L'Editoriale
Lunedì 09 Luglio 2018
Siria, il gas non fu usato
Lo sdegno frettoloso
Non si può certo dire che la stampa italiana l’abbia «strillata» a tutta forza ma la notizia è questa: l’Organizzazione per la proibizione delle armi chimiche (Opac), incaricata di ispezionare la città siriana di Douma e di stabilire se in quel luogo siano state usate nell’aprile scorso armi chimiche da parte dell’esercito di Bashar al-Assad, ha rilasciato un rapporto preliminare dove esclude qualunque traccia di gas nervino, rileva tracce di «sostanze clorinate» e, in buona sostanza, non evidenzia alcuna prova di un attacco chimico. Questo in una sintesi che necessita, però, di alcuni complementi. Primo: l’Opac (che non è un’agenzia Onu ma collabora con l’Onu), è ritenuta altamente affidabile, tanto che nel 2013 è stata insignita del Nobel per la Pace.
Negli anni della guerra in Siria ha «condannato» tre volte l’esercito di Assad per l’impiego di armi chimiche. Il rapporto finale su Douma sarà pronto solo tra qualche mese, l’esito potrà anche essere diverso.
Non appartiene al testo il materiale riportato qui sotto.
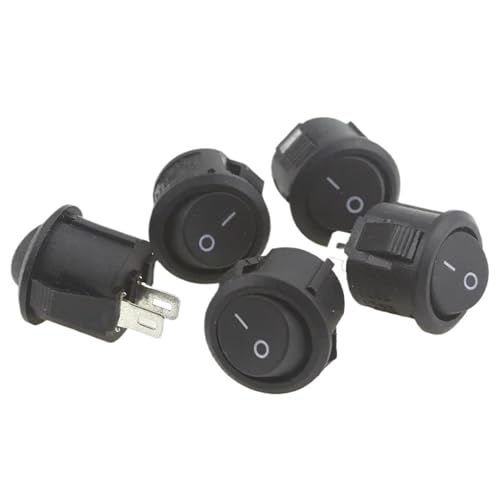 wasserdichte Armschalter, 5 stücke Oder 10 stücke 16mm 2 Pin AUF-OFF Wippschalter AC250V 3A Und AC125V 6A Multicolor(Black 5PCS) von TGDGFKIAS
Certo è, però, che questa prima presa di posizione è assai significativa. Secondo: a parlare di gas nervino erano state organizzazioni di esuli siriani con base negli Usa. Fake news, quindi. Però puntualmente riportate dalla cosiddetta «informazione di qualità». Inoltre, la presenza di «sostanze clorinate» (che possono essere usate per le armi chimiche) di per sé non ha grande significato perché fu dimostrato che anche i jihadisti asserragliati a Douma avevano depositi di sostanze di quel genere. Terzo: nei giorni successivi ai presunti attacchi chimici, Usa, Francia e Regno Unito bombardarono ripetutamente la Siria, facendo un numero di morti almeno pari a quello causato dai presunti attacchi chimici.
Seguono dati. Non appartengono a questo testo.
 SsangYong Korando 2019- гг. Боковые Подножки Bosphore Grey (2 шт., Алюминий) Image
Come ben sappiamo, il tema delle armi di distruzione di massa è da molti anni al centro della propaganda occidentale. Fu usato da George Bush e Tony Blair per raccontare frottole al mondo e, nel 2003, invadere l’Iraq di Saddam Hussein. Si è affacciato, sotto forma di vaga e oscura minaccia, durante la distruzione della Libia programmata da Francia e Regno Unito. È al centro di molte delle accuse rivolte ad Assad in Siria. E ha fatto una clamorosa comparsa anche in Europa con il caso Skripal, l’ex spia russa che sarebbe stata avvelenata col gas nervino, per ordine dei servizi segreti russi, in Gran Bretagna. È piuttosto ovvio che, situazione siriana a parte (Assad è stato costretto a neutralizzare arsenali importanti e micidiali, che gli jihadisti hanno invece conservato, sia pure su scala minore), nella gran parte degli altri casi si trattava di invenzioni, spauracchi degli agitatori di questo o quel governo per tirare dalla propria parte l’opinione pubblica e giustificare proprie azioni.
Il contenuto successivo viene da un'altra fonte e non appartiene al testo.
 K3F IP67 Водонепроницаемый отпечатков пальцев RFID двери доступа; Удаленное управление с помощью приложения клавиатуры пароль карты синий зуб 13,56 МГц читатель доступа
Torna quindi in mente, a proposito di Douma e delle prove che dopo mesi ancora non si trovano, forse non si troveranno mai, e magari non esistono proprio, la mobilitazione immediata che si ebbe per esempio in Italia, con intere trasmissioni tv dedicate allo sdegno e il bel mondo intellettuale, artistico e giornalistico subito corso a farsi fotografare con la mano sulla bocca. Com’è possibile che l’Opac sia ancora oggi incerto e tutti quegli egregi signori fossero invece, già allora, arcisicuri? Perché tanto spazio all’onnisciente e onnipresente Saviano e nessun rilievo per il lavoro di Robert Fisk, straordinario giornalista, esperto di Medio Oriente, il primo reporter a metter piede a Douma, che raccolse tante testimonianze che smentivano la tesi di un attacco con armi chimiche?
Possibile che a nessuno sia venuto in mente che anche dietro un’apparente buona causa ci possa essere una presa per il naso? Che, in sostanza, quella mobilitazione non sia stata altro che la mano di belletto stesa sulla volontà politica di bombardare un Paese e ammazzare della gente? Perché le bombe del «bene», nel caso non lo si fosse capito, uccidono proprio come quelle del «male». E altrettanto spesso uccidono persone innocenti.